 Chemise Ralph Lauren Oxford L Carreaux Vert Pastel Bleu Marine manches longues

################

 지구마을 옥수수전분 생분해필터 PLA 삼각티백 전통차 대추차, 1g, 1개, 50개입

################

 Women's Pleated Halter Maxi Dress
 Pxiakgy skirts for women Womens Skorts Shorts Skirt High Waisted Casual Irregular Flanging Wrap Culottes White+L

################

Task objective: Word for word, restate the lines of the data above that fall between the line holding "Women's Pleated Halter Maxi Dress" and the line holding "Pxiakgy skirts for", inclusive, and no other lines.

Your solution:
 Women's Pleated Halter Maxi Dress
 Pxiakgy skirts for women Womens Skorts Shorts Skirt High Waisted Casual Irregular Flanging Wrap Culottes White+L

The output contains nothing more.